この“ヴェリー・エイプ”当初のタイトルは“パーキー・ニュー・ウェイヴ・ナンバー”
パーキー(perky) とは元気のいい、意気揚々としたという意味で、元気のいいニューウェイヴの曲というタイトルとなる。めっちゃバカっぽいタイトルだけど、ヴェリー・エイプと名付けたことでさらにバカっぽくするあたりカートの皮肉のセンスが効いている。
2013年Mixかっこいいね! ちゃんと歪んでる笑
リードギターのヘロヘロ具合がめちゃくちゃイカしてる。めっちゃインディー、ニュー・ウェイヴしてる。『イン・ユーテロ』では、リフ、フック、静と動システムというお馴染みのパターンを離れた、スリーピースじゃ再現できない曲がちょこちょこ生まれている。

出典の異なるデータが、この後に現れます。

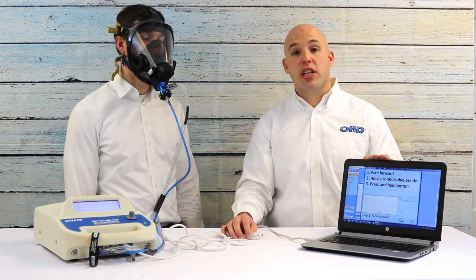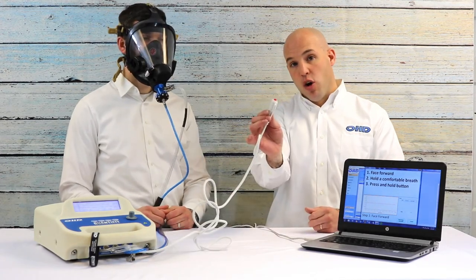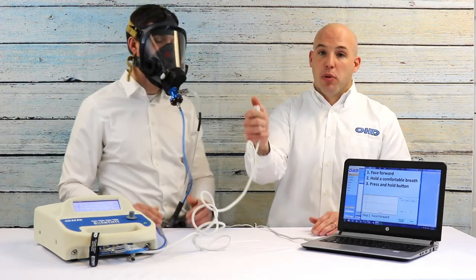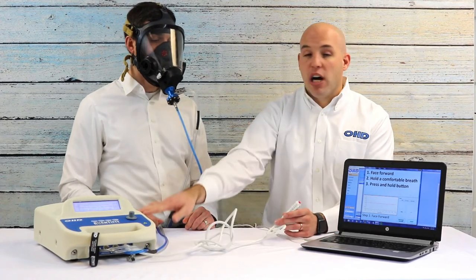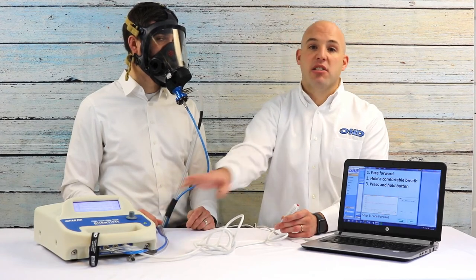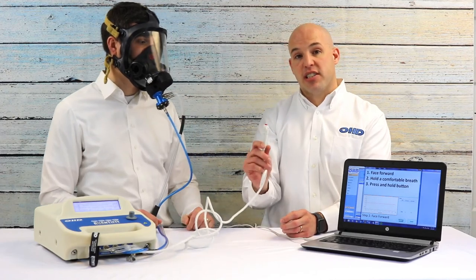First thing to notice — you'll have big, bold instructions on the software leading you through each step. On step one, all we want Luke to do is face forward, hold his breath, and press and hold the button that activates the instrument. The button is very simple: you press and hold it, the instrument runs for eight seconds on its own, and automatically stops when the step is complete. You will hear it stop, and it will quickly tell you if it passed or failed that step.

この“ヴェリー・エイプ”とか“ミルク・イット” ”レディオ・フレンドリー・ユニット・シフター”なんかが今後のニルヴァーナの方向性だったのかもしれない。
カートが亡くなる前に、次に予定されていた仕事はR.E.Mのマイケル・スタイプとの共作だったらしく、多分それはカートのメロディのセンスを全開にした作品になったんじゃないかな、と思う。そして次作のニルヴァーナのオリジナル・アルバムは正真正銘のニュー・ウェイヴになっていたんじゃないかな、と思うんだ。“ユー・ノウ・ユア・ライト”みたいにヘヴィでノイジーで悪意が込められていてそれでいて美しい――やつ。
ヴェリー・エイプ 和訳
矛盾だらけのハエどもにたかられて
俺は身動きがとれなくなってしまっている
俺は※非文学の王として得意気に胸を張る ※literatureの頭にiがついているからkind of illiterature、無学の王かな?
やたらと無骨でもやたらといかしているこの俺
何か困っていることがあるのなら
どうか遠慮しないで
まずは別のやつに頼んでおくれ
自分がうぶじゃないように見せかけようと
俺はそのことで手いっぱいなんだ
俺は何もかも知っているのさ
ここに一番乗りしたのはこの俺だからね
大地から飛び立って
大空へ
大空から落っこちて
ごみための中にまっしぐら
ニルヴァーナ 『イン・ユーテロ』”ヴェリー・エイプ” 対訳:中川五郎
俺は無学の王として得意気に胸を張る
シンプルに攻撃的な歌詞。
俺は無学の王として得意気に胸を張る
やたらと無骨でもやたらといかしているこの俺
何か困っていることがあるのなら
どうか遠慮しないで
まずは別のやつに頼んでおくれ
めっちゃデフォルメされていて、コメディ・シチュエーションか、ってぐらいの笑える歌詞。
自分がうぶじゃないように見せかけようと
俺はそのことで手いっぱいなんだ
カートの目にはこう映るらしい。
大地から飛び立って
大空へ
大空から落っこちて
ごみための中にまっしぐら
最期のフレーズは、ちょっとやっつけじゃない? と思わないでもないけれど、タイトルが「猿そのもの」という小馬鹿にした曲だもんね。コメディ・シチュエーションにはオチが必要ってことなんだ。